Hermeneutics of crapshoots
How many times do I need to see something to believe it?
One of the odder quirks of ritualized statistical inference is its veneration of combinatorics as the arbiter of belief. The “null hypothesis” is that the world is nothing but a bunch of coin flips. Validity is a long enough run of heads.
The bizarre obsession with hot streaks starts, of course, with Ronald Fisher. His tea lady experiment, the core motivating case study in his book “The Design of Experiments,” is maddening. Algal researcher Muriel Bristol told Fisher she could taste the difference between when milk or tea was added first to the cup. He challenged her to a test in which he poured 8 cups of tea: 4 milk first, 4 tea first. He mixed up the order and presented them to Bristol. She correctly identified all 8. Perfect accuracy. But Fisher explains in excruciating detail that the p-value of the null hypothesis that she guessed a set of 4 cups uniformly at random is only 1/70. That’s 0.014. I guess that gets two asterisks in our table. But who is convinced by two asterisks?
So sure, if Fisher had forced the poor scientist to taste 16 cups instead of 8, we’d have more confidence in her palate. I have no doubt she’d have labeled all 16 cups correctly, and Fisher would have gone to his abacus and come back with a p-value less than 0.0001. And then what? There’s still a chance she’s a random number generator. Let’s do 32 cups! Statistics asks us to fixate on combinatorics and forget that Muriel labeled all of the cups correctly. Ad infinitum, we never prove anything. This is where we sit today, where any contrarian is granted the rhetorical maneuver of “oh, your study was underpowered.”
What’s so frustrating is how the combinatorial mindset refuses to grapple with actual cause and effect. The attitude that combinatorics alone determines valid inference infantilizes epistemic inquiry. How does Muriel taste the difference in tea preparations? What cues does she use? What does this say about her personal tastes? Why does she put up with assholes like Ronald Fisher? The proper answer here is to realize that adding milk to tea is gross and to go visit a nice Persian cafe.1
This combinatorial thinking muddies the literature of the human-facing sciences. Every person becomes a statistic. The best evidence becomes a scatter plot. I was reminded of this when scouring the LEAP study for numbers. When the investigators wrote about subsamples of the population, they tended to present percentages rather than counts. For example, writing “3.2% of the treatment group developed allergy” instead of “10 children in the treatment group developed allergy.” Only one child is counted in their per-protocol analysis as definitely having consumed peanuts and developed some sort of allergic reaction at age 5. The only thing we know about them is that they were 0.3% of the treatment group. Maybe there’s something unique about this individual. I want to know what made them different. I can’t find the particulars of that anywhere in the paper or appendices. Perhaps the secret lies in the trial data, which I would need to fill out several forms to access.
It shouldn’t be mutually exclusive to report trial statistics and detail individual cases, but that’s the convention we’ve converged to. House rules force us to reason only about relative proportions. Paper length restrictions leave us only with statistical shadows. Privacy laws prevent us from actually seeing the details of what happened. We are left ignorant of the other aspects of causality and forced to make sense of relative proportions. Once you’ve seen the standardized rhetorical device enough times, it becomes unconvincing. If you bring this up, you are cast out as a heretic.

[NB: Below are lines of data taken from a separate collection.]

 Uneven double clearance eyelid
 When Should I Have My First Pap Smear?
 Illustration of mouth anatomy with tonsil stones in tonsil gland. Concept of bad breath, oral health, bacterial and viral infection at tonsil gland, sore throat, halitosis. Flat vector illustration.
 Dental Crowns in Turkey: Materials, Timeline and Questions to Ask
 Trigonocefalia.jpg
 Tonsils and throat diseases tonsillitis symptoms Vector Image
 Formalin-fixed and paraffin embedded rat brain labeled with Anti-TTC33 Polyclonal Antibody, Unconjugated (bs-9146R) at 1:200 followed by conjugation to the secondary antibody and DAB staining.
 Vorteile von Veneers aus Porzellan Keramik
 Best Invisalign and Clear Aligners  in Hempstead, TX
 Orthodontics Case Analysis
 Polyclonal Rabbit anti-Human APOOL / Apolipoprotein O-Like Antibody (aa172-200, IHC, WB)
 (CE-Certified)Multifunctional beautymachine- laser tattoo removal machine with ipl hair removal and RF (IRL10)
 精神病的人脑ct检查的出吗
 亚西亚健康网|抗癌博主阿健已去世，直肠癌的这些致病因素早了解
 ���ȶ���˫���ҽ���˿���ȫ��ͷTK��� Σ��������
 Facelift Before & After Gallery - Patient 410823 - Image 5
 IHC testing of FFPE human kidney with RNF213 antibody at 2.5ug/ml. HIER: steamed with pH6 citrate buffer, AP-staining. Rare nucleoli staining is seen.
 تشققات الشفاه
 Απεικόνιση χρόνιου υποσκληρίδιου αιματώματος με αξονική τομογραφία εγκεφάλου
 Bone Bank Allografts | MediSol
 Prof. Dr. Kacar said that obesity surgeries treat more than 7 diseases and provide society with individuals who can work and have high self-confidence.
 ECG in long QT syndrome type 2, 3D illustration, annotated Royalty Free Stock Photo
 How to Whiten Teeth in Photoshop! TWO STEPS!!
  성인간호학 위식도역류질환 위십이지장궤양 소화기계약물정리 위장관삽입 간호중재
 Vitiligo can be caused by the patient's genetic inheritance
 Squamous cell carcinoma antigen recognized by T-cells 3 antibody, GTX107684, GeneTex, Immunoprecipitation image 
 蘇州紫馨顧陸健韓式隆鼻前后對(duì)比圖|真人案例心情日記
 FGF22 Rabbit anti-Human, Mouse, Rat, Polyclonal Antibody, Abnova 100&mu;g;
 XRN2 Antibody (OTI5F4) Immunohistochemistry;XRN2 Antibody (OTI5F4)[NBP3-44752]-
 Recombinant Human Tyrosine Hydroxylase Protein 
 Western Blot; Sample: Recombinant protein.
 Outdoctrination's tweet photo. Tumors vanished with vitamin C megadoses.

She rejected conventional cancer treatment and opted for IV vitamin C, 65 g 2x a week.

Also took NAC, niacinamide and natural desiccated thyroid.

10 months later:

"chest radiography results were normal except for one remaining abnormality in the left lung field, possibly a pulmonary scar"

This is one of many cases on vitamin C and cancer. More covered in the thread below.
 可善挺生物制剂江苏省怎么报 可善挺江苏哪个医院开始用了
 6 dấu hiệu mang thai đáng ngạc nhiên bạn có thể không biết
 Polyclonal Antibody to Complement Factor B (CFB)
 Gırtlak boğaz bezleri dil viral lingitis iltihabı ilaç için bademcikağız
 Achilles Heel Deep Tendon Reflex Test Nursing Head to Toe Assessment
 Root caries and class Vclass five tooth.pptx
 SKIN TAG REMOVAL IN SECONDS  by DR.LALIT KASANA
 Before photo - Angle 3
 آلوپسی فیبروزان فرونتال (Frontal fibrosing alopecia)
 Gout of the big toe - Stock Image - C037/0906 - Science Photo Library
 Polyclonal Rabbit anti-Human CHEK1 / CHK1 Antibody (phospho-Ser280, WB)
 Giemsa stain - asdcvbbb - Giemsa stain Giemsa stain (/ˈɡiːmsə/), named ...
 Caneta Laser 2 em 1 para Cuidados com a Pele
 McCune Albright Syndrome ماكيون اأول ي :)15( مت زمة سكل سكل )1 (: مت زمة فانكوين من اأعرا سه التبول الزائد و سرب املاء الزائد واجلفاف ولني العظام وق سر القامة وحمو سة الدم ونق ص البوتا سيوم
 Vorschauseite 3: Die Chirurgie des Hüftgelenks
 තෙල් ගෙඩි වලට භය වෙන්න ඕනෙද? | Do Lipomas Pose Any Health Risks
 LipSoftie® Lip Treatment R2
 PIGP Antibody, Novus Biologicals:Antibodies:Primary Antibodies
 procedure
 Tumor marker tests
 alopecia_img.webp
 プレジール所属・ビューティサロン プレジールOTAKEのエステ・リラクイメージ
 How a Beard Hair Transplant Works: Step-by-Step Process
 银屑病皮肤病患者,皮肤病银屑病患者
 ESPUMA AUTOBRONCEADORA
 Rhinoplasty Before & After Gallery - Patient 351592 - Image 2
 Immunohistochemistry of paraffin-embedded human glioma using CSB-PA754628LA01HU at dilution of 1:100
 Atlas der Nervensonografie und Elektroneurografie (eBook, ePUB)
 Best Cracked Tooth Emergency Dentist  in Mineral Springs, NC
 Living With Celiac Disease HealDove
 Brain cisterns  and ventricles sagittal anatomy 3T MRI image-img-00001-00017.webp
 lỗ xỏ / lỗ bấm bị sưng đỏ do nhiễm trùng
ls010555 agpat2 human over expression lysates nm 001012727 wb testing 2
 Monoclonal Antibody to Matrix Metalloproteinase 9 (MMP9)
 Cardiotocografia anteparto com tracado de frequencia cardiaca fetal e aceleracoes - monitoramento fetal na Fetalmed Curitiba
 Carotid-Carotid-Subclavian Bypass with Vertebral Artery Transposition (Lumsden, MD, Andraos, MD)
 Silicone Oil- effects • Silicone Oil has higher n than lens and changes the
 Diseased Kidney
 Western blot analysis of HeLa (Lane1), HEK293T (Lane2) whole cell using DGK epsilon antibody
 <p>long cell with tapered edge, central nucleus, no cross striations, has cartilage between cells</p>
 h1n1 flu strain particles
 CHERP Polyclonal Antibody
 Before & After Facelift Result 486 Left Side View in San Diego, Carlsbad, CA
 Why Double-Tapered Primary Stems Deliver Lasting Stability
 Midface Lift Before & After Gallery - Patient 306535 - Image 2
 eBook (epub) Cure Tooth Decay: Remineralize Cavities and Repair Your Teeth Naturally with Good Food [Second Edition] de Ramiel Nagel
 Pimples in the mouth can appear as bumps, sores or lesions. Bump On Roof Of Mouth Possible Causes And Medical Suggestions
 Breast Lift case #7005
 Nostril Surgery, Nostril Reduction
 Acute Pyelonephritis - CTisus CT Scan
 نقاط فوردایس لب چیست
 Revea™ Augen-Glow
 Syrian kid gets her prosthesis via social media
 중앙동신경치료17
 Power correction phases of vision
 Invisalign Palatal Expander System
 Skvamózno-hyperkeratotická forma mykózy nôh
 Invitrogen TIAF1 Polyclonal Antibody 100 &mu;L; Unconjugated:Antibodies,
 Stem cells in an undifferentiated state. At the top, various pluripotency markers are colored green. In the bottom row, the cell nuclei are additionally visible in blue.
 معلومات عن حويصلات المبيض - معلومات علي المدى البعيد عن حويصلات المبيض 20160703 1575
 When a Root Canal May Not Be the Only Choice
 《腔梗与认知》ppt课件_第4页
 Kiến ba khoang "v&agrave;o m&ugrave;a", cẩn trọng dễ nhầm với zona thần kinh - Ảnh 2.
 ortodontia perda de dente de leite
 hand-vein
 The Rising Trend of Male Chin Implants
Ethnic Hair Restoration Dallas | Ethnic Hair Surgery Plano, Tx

As I reiterated on Monday, medicine is the only human-facing science that routinely finds 5-sigma interventions. What run of success do you need to be convinced a treatment works? The house rules sadly limit the statistician’s role to mindlessly arbitrating sample sizes using an implausible model of the universe. What sample size would convince you that Muriel Bristol is a tea connoisseur? What sample size do you need to convince yourself that penicillin cures bacterial infections? That chemotherapy cures childhood leukemia? That ibuprofen relieves headaches? That kidney transplants are effective? That peanut consumption prevents peanut allergy? Randomized trialomania is a baffling mindset where we are only convinced a treatment is effective if we randomly split a sufficiently large group in two.
What sufficiently large means is the only question we seem willing to ask. 8 cups of tea, 640 children for the LEAP trial. You could argue that this 640 number is far too large. That is, the LEAP study was overpowered. The large trial size harmed the control group. A study with 200 subjects would have found convincing results with p<0.01. The trial size also clouded our understanding. Statistical rules forced us to count 7 children who were immediately excluded after randomization. The administrative burden of managing the trial meant that a dozen children were lost to follow-up. Might we have learned more, and the trial subjects been better off with a careful study of 10 children than an aggregate look at 640?
My friend Tara is horrified by the idea of adding milk to tea.


"Why does she put up with assholes like Ronald Fisher?" I laughed out loud; thank you for brightening my day.
It seems to be an almost ineradicable article of faith that you can compensate for lack of causal understanding by introducing huge amounts of intentional randomness and doing a bunch of combinatorics.